● **WHAT IS NEEDED**: Give back, unaltered, the lines from the one with "A hardwood coffee" to the end of the material, omitting pictures.

● **INFORMATION PROVIDED**:
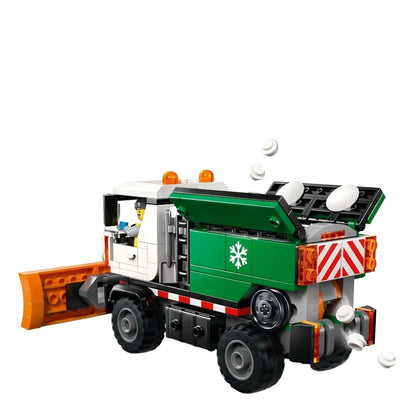 Snowplow truck from side view: orange plow, green rear, spinning auger-like parts and lights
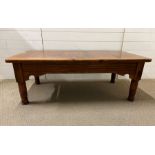 A hardwood coffee table by Dixy Mexico (H48cm W135cm D76cm)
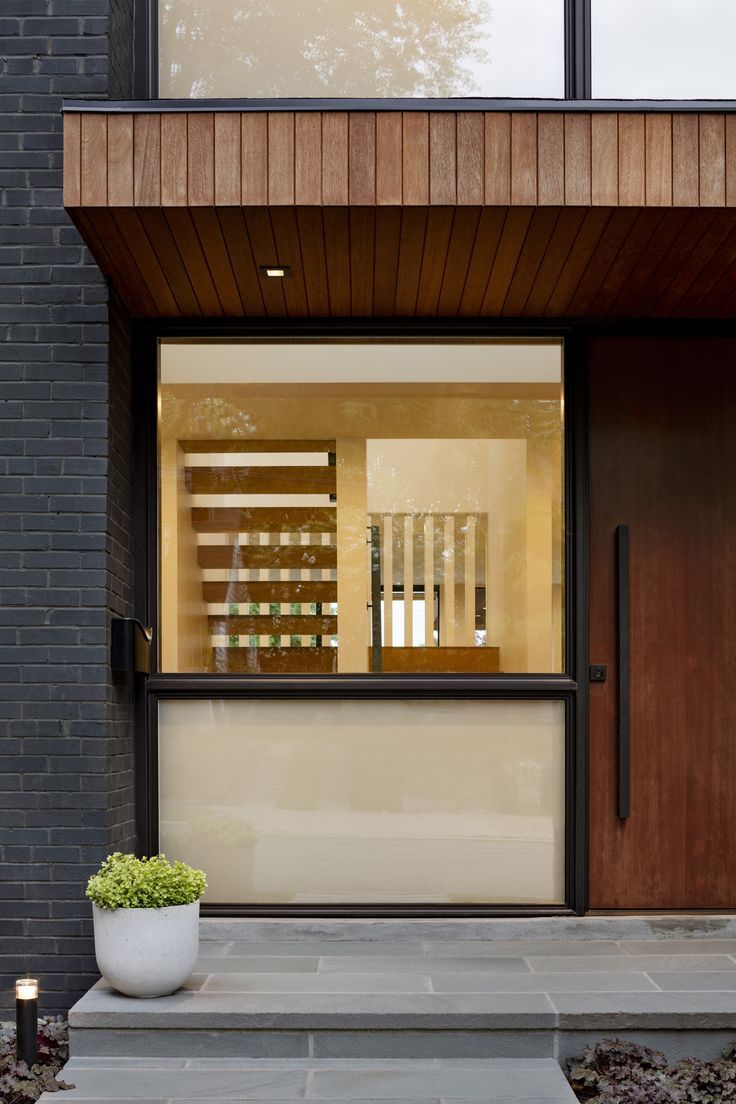 the entrance to a modern home with wood and glass doors, stone steps and potted planter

● **WRITTEN REPLY**:
 A hardwood coffee table by Dixy Mexico (H48cm W135cm D76cm)
 the entrance to a modern home with wood and glass doors, stone steps and potted planter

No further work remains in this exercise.